Turns out successful marriages have just as much argument in them as those that end in divorce. That wasn't the difference. The tone of those conflicts could be just as energized in successful marriages as those that ended in divorce. That wasn't the difference. No difference in the content either really. There was a lot of similarity in the way these couples engaged in conflict.

The difference was that one way or another, the successful marriages used the argument to solve a problem, to better their marriage, to deepen their relationship with each other. And they both knew it even in the heat of the argument. Whereas the marriages that ended in divorce tended to use that moment to win, to dominate, to vanquish. And they both knew it in the moment.

Argument is a way that friends find truth. Fighting is a way that the community fractures. It's its very purpose when you think about it.

Now we are re-engaging here at the Cathedral.

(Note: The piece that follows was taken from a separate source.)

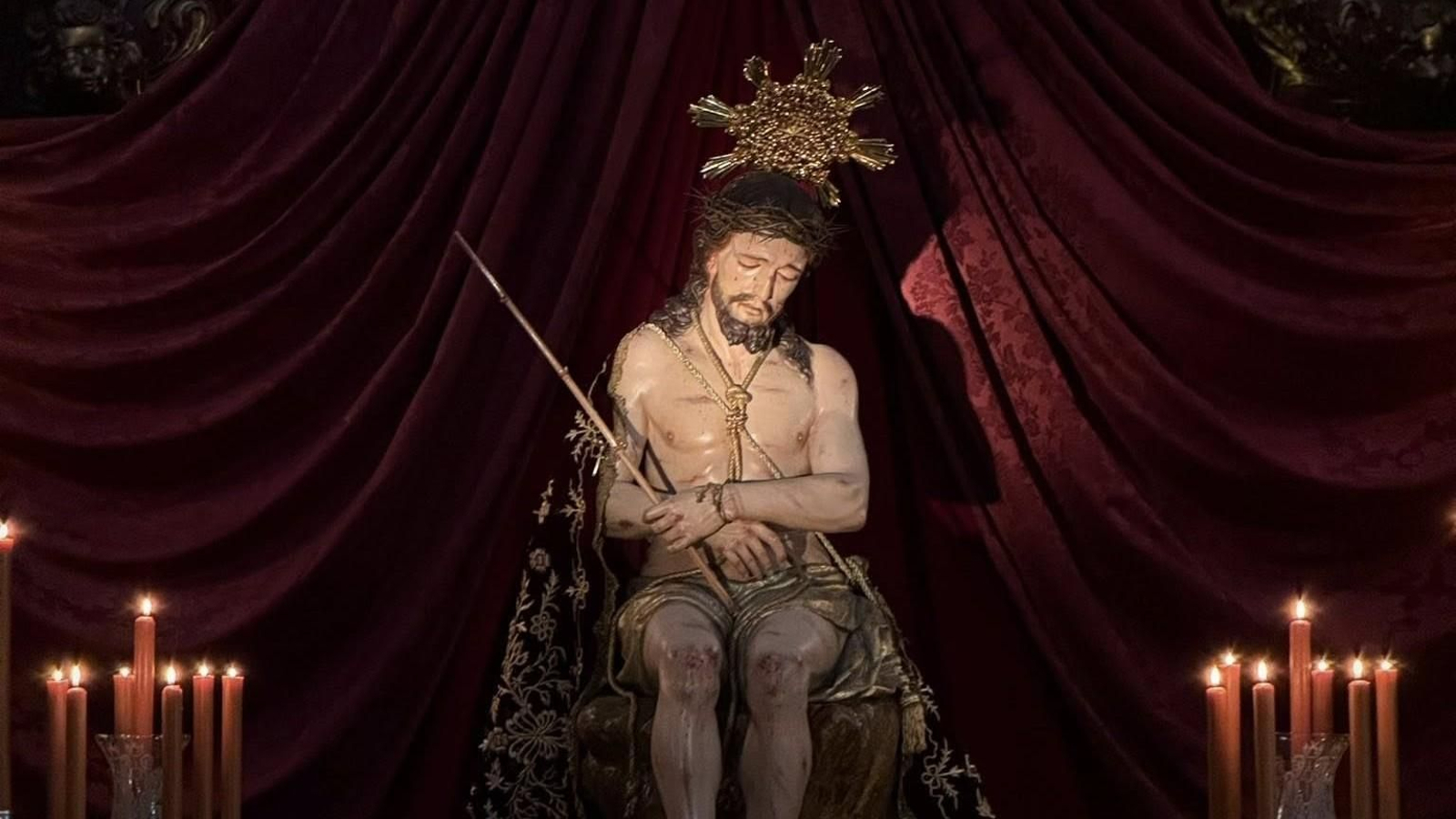 Altar de Cultos Señor de la Humildad de Granada, Cristo Rey 2025.jpg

People are coming back after years of being away and we've had very different experiences during that time and we haven't had each other to process all of that. And what I'm experiencing is that we have very different interpretations of what's happened over the last two years and why. Very different interpretations of how one leader or another has behaved or led. But we have not had each other to process those experiences.

It's time perhaps for a little arguing. And that would not be unusual. That's why we gathered as a community. We, I hope, know how to argue without fighting. And we do that because we are not conducting our arguments on the terms of the world. Our arguments are not solely conducted on philosophy or political theory or sociology.

They are also conducted on the Baptismal Covenant, on the Eucharist, on the community, on the love of Christ and life in God. Our eyes are always on the prize of the growth of community and the growth of love. That's what it means to be a Christian. That's what it means to come here and be part of this community.

And I hope it gives us the ability to argue without fighting, knowing that it's really about purpose. Our purpose is to talk to friends about finding the truth and in doing so to grow both in our relationship and in community.

One practice that you might consider as you tiptoe into this reality is silence. Silence is what gets lost in a fight, but silence can be found in an argument. Silence is what stops us from going too fast, from getting tied up in that loop, from letting our self-conscious sense of things propel us into this territory we really don't want to enter. Silence is what lets God emerge in us. Silence is what lets our deeper mind guide us. Silence is what reminds us that the person in front of us is also a child of God.

And it's easy to do. You just have to stop talking. Just for a moment, experience the silence. The reminder of God's presence. And you'll find yourself in an argument, but not in a fight.

We had a going away party recently for a dear friend of mine. He's been a member of this parish for a long time. Other than our friendship, we do not agree on a single thing. Not politics, not sports, and I particularly don't like his choice of basketball teams. As we were toasting him on the night of his going away party, he looked up and with some emotion on his face said, "I am so thankful for this community. For you gathered here. You have changed the way I've thought about things over the years, you really have."

And I have to confess my immediate reaction was, "Yeah, we brought you around."

And then I was silent for just a moment.

And I thought, I've really changed too. I have really changed the way I see things by your presence, by your arguments, by your story.

We have both grown together. Hopefully far from the positions we would've occupied had we been left to our own devices. Through argument in friendship.

That's where truth comes from, I think. Truth emerges out of argument among friends and that's good news. Thank God. Amen.